電通、デジタル広告で"不適切取引"の裏事情 顧客トヨタの指摘で発覚、広告の未掲出も
金額は大きなものではなかった。だが、電通にとってはかなりの痛手となりそうだ。
9月23日、広告代理店大手の電通は東京証券取引所で会見を開き、デジタル広告サービスについて不適切な取引があったことを発表した。広告の掲載期間がずれていたり、広告が掲載されていなかったというものだ。
不適切な疑いのある案件は633件、111社にのぼり、金額は合計2億3000万円。そのうち未掲載にもかかわらず、広告主に請求した額は320万円だった。中本祥一副社長らは会見の冒頭、「広告主、関係者、株主の皆様に多大な迷惑をお掛けしました」と謝罪した。現時点で、業績に与える大きな影響はないという。
「効果が出ていない」、広告主の指摘で発覚
一連の不正が発覚したきっかけは、広告主であるトヨタ自動車の指摘(7月)だったという。「広告を出稿したにも関わらず、その効果が出ていない」といった指摘を受けて電通が調査すると、故意もしくは人為的なミスにより、間違った時期に広告が掲載されていたり、掲載されていなかったり、広告の運用状況に虚偽の報告が含まれていることがわかったという。

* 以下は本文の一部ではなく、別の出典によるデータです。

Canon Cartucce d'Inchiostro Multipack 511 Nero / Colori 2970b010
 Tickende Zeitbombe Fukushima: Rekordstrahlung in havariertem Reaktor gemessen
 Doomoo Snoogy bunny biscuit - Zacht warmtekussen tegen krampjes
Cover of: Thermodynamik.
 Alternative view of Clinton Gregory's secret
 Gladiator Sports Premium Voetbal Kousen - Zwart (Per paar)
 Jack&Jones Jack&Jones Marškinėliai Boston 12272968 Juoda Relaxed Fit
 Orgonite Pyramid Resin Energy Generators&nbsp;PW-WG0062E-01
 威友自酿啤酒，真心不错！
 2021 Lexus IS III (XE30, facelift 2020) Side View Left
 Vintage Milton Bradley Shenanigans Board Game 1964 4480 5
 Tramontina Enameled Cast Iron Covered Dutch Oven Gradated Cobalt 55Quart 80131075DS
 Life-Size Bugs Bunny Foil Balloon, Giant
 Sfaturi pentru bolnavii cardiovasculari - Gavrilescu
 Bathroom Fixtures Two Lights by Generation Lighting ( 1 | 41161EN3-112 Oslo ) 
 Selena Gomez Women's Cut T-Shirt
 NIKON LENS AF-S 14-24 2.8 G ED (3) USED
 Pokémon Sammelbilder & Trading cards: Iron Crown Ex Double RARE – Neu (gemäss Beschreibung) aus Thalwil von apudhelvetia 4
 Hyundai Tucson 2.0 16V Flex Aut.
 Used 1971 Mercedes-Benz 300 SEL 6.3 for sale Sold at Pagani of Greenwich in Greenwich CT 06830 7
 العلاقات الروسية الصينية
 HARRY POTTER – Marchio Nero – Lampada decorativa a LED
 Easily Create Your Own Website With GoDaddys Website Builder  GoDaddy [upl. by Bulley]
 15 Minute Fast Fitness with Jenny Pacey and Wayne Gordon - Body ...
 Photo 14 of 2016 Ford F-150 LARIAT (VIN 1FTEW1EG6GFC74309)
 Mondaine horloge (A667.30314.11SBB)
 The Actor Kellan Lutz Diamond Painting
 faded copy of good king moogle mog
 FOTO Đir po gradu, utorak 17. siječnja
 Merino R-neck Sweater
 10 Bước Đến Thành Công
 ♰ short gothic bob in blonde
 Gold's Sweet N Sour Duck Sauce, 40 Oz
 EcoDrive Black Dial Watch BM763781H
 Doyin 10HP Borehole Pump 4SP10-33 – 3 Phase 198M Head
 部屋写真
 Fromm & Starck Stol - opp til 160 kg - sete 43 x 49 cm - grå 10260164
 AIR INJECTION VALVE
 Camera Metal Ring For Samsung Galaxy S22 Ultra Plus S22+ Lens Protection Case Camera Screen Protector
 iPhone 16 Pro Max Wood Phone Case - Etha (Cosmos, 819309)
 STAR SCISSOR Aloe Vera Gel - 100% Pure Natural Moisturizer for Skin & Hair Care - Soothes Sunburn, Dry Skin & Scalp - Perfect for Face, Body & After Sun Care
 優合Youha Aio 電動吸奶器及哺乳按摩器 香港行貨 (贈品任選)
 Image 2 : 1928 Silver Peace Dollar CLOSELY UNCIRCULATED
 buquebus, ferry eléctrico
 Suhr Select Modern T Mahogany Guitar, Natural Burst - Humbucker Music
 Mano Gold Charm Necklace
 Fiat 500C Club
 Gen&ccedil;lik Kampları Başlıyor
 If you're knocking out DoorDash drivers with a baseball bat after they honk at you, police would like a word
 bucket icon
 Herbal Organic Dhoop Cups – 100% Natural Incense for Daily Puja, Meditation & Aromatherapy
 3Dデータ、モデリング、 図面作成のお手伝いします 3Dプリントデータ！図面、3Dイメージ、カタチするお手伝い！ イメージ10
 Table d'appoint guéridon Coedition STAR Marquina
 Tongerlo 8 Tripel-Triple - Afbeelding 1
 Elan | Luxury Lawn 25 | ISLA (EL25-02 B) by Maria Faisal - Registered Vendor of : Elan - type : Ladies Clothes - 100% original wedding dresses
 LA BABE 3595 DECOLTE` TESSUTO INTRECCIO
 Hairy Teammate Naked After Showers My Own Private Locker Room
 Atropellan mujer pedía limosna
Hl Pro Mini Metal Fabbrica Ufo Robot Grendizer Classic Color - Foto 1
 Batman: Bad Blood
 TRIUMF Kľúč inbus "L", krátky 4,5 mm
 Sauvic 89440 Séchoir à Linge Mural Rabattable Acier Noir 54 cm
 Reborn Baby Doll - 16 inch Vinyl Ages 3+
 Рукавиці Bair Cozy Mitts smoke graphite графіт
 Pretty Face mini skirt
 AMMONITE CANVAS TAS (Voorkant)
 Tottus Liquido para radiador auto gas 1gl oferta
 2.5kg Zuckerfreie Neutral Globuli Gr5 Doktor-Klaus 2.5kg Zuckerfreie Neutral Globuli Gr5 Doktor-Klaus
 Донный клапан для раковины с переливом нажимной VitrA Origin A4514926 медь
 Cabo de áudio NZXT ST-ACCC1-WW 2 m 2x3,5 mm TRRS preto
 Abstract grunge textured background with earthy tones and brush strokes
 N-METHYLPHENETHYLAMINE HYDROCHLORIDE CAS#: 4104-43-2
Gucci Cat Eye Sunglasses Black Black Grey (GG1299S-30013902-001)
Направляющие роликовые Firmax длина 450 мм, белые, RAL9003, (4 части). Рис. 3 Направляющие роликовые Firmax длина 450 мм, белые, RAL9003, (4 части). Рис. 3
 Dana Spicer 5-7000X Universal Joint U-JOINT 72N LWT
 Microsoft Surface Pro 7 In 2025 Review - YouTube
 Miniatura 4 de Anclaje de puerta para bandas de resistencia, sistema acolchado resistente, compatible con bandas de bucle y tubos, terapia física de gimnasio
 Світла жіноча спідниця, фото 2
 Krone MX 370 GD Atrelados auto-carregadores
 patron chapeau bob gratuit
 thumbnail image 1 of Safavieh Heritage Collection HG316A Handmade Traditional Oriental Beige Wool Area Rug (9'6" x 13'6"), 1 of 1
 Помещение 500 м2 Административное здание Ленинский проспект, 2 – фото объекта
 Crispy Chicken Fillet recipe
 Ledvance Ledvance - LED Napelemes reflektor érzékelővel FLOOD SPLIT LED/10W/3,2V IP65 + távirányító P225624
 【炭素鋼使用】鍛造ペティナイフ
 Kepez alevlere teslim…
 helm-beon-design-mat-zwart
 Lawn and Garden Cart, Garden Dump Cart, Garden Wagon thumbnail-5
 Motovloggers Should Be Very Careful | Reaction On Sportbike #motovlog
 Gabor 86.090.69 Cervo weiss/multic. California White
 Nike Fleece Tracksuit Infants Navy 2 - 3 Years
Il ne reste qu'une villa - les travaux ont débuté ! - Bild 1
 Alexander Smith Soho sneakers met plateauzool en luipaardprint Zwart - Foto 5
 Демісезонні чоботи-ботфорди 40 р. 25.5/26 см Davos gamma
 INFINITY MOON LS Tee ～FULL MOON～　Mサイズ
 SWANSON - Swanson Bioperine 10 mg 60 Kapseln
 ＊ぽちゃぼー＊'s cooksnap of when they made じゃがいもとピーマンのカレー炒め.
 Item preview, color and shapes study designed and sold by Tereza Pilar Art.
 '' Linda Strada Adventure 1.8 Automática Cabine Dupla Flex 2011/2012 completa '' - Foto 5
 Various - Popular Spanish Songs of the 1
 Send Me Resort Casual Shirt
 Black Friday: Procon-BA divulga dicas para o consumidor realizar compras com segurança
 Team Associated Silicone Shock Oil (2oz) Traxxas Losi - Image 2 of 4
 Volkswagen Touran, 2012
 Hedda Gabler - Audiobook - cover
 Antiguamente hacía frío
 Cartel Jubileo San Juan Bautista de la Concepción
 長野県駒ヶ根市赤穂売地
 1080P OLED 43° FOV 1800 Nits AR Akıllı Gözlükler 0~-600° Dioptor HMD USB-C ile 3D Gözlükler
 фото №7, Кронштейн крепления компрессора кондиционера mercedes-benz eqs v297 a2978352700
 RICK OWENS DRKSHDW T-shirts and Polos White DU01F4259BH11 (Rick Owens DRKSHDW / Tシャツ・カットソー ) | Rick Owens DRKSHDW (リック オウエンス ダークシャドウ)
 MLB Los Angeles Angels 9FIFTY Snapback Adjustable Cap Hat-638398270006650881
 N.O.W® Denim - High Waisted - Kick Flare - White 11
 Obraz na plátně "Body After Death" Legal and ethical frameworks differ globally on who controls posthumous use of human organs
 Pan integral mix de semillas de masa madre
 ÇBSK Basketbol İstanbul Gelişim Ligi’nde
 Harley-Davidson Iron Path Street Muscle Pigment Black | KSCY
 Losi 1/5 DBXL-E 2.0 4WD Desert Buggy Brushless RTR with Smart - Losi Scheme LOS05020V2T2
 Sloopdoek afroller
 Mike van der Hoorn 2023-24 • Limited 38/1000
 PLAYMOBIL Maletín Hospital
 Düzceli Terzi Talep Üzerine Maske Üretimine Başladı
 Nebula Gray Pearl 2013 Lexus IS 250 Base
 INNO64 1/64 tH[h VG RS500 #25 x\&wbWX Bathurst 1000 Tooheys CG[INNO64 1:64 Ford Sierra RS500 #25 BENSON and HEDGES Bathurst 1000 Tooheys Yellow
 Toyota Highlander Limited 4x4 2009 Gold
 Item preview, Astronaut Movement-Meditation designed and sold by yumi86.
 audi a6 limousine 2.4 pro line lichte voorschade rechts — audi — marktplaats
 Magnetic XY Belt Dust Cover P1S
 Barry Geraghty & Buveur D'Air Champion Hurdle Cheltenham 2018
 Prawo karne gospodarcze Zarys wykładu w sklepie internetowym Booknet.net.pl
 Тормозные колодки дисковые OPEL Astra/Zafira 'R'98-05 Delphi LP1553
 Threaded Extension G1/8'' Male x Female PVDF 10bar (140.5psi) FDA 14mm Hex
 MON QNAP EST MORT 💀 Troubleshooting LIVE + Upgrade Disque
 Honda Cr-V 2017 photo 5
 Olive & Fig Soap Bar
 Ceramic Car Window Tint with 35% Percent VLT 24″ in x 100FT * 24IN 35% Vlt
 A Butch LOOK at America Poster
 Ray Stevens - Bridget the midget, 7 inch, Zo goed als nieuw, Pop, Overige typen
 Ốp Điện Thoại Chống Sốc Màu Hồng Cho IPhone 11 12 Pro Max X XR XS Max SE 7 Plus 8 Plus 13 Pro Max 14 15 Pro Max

電通は8月に中本副社長をトップとする社内調査チームを立ち上げ、現在も調査を進めている。広告主には個別の結果がまとまり次第報告し、すべての調査は年末までに終える見通しだ。
今回の焦点となったデジタル広告には、グーグルなどの検索エンジンで検索した際に、そのキーワードに連動して表示される「検索連動型広告」や、広告主が狙ったユーザーに広告を表示すると同時に、その効果に見合った金額で出稿できる仕組みなどが挙げられる。